# Official Project McC and Massive Aggression Piranha Giveaway Entry Thr



## therizman1 (Jan 6, 2006)

This is the Official Entry thread for the Piranha Giveaway being brought to you by Project McC and Massive Aggression.

*Please also read this thread for official rules and how to officially enter the contest*

In order to be qualified to enter, it is very simple, just post the fish you currently have in your collection. This thread is solely for posting what fish you have in your collection, please do not comment on others collections, spam, etc. We want to use this thread to get an overall view of what fish are owned by our members. Sizes are not necessary but you may post them as well.
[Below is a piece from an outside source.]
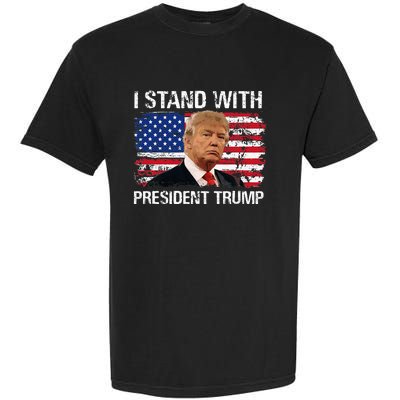 I Stand President Trump American Flag Trump 2024 Men Women Garment-Dyed Heavyweight T-Shirt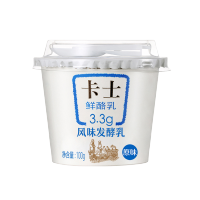 卡士鲜酪乳3.3g风味酸牛奶原味益生菌发酵乳营养早餐奶100g*12杯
A sample of what your post may look like:

"In my collection I currently have:
-	2 Black Diamond Rhoms
-	1 Geryi
-	1 Maculatus"

Or

"2 Black Diamonds
1 Geryi
1 Maculatus"

Thank you for not spamming, etc, and this will be a great way to see what is currently out there.

Don't forget that once you make your post to PM me with your Powerball numbers!!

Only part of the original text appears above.